A meaningful ending

January 14th, 2026, 6:37 AM by Goddess

Maya Thompson “Mama Maya” posted about a new movie called “A Sacred Pause.”

All I had to read was one quote, and I’m in.

“Sometimes, there’s not a ‘happy ending.’ Sometimes, there’s just a meaningful ending.”

Mama Maya’s story was what inspired Taylor Swift’s song “Ronan.”

Which is MY song for MY baby who I also only had for four years.

It’s two years since Cocoa passed, on the 26th.

We should be celebrating six years together. Instead, we’re in the second year that she hasn’t set paw in.

Same with Mom. I just managed to get through a whole 2025 without her. What do you mean, I have to do it again in 2026?

I got to talking with my old friend Drew yesterday. We met in college. He was roommates with someone I wish would lose my fucking number already.

Drew just moved here from Orlando via Chicago.

I’m ready to move from here to Orlando.

So, we have things to talk about.

I was telling him I love love love Delray, where he’s at.

But I need a bigger change than to just move back there.

A meaningful change, as it were.

Just to sum up yesterday, for example:

1. The HOA said the electric would be off all morning. So I went to my favorite coffee shop in Boca Raton.

My laptop died and my portable laptop charger, for which I paid like $50 in the Atlanta airport and it works with my MacBook, just wouldn’t charge it.

2. I tell you this to say that I wasted 20 minutes of that laptop battery on the phone, being FIRED by my A/C guy as a client.

They love me. They just say I need a new A/C unit. And they do not want my landlady’s business.

3. I do think the owner is an asshole and I do think he’s fucking with me when he says they don’t want to keep doing repair jobs into perpetuity when I need a new unit.

3.a. But I also think it’s awful that they won’t give me the name of the plumber and handyman they promised to pass along.

3.b. And that they won’t do the follow-up visit they promised to do this week. So I will continue to Shop-Vac my unit, I guess.

3.c. The Shop-Vac is very good with the pervasive ant problem I’ve had for six years, so there’s that.

3.d. And they will only talk to me if the landlady orders a new unit and pre-pays for it.

3.e. Kelly said if I order and pay for the unit, she and Genevieve will uninstall it and sell it on Facebook Marketplace when I move.

4. I came home from Boca to find that the electric was never shut off.

4.a. The electric was supposed to be off to power up the refurbished elevator. But lo, no flashing appliances. Alexa was playing music. And yes, the A/C was running/dripping.

4.b. The electric is supposed to go off today if the job didn’t get completed yesterday. It didn’t even get started, apparently.

4.c. I don’t complain about free cable because it’s free. But it goes off at 6 am every day. And I can’t get it back on till after 7 or 8 as it “updates.”

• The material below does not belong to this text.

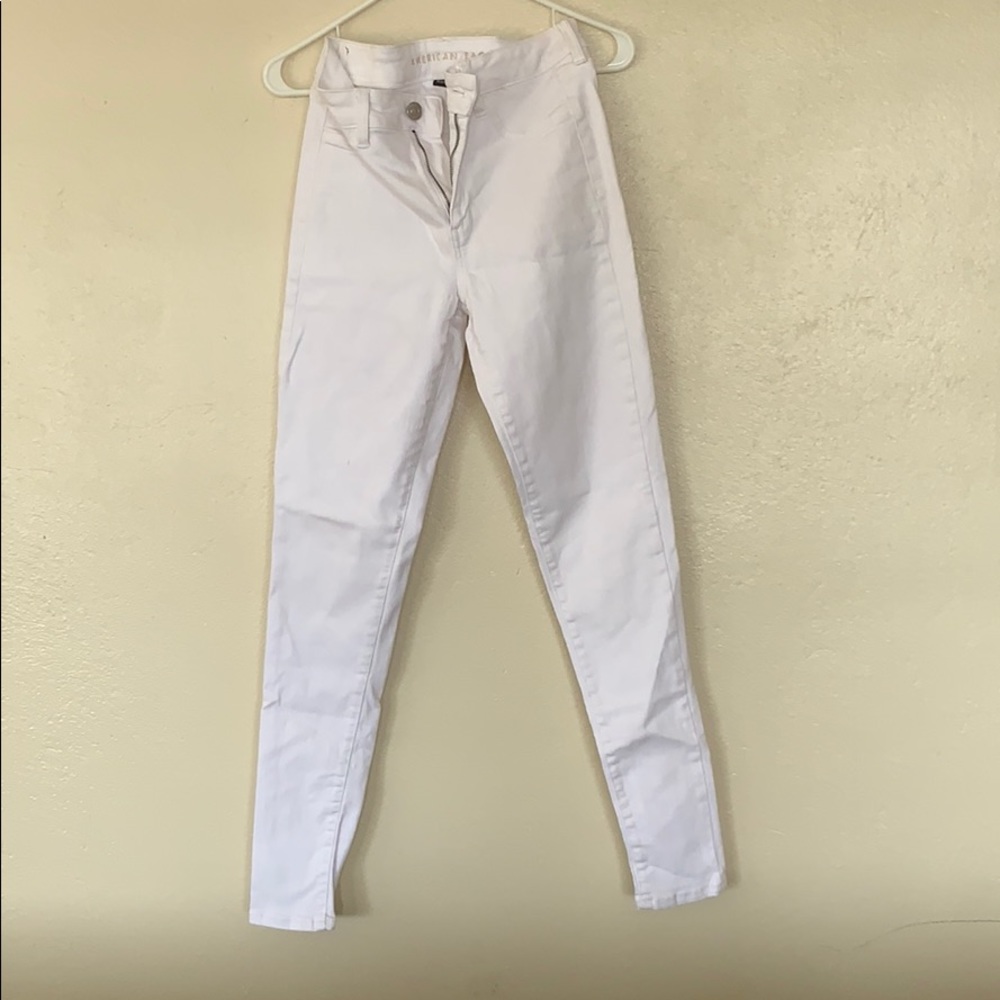 AE white stretch jeans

4.d. For some reason, the updates happened at 3:30 am. I know because I watched “Eternal Sunshine of the Spotless Mind” after. As I contemplate, do I go back to Carmela Coffee again today or just stay home and work.

4.e. A lack of a plumber does not mean both toilets, both tubs and anything in the kitchen actually drain/flush correctly. No matter how much of that Green Gobbler shit I buy, which is the most effective thing I’ve bought for these purposes.

4.f. Hindsight being what it was, I think the repair guy saw the state of disrepair that the house is in and figured why fucking bother. Even though I’ve paid them a thousand dollars for two visits. That’s why you fucking bother. But they don’t want to keep fucking bothering.

4.g. So, if the unit goes fully out of warranty in July, do I have no AC after July? Or after it breaks next?

5. In the midst of all this, Mike texts to whine that I must not want to see him again. BITCH. You’ve spoken 11 words to me this week, and they have all been about you. I am BUSY. If you want a goddamn valentine, fucking act like it. GOD do all men have to be LOSERS.

Basically if I am paying (redacted) to live in a place that frustrates me (See: no elevator, not even leaving the house when we DO have one because of bully neighbors) …

Why not pay that (and, apparently, then some) at a place where maybe I can find some joy and … gasp … meaning?!

That’s what the point of this post was supposed to be.

There is no happy ending. Not right now. Maybe not ever.

But maybe, just maybe, if I can find some meaning in the pain of losing everyone …

Some meaning in getting the freedom I never dreamed I’d have …

I could treat this for what it is: a sacred pause on the way to who/where I’m supposed to be next.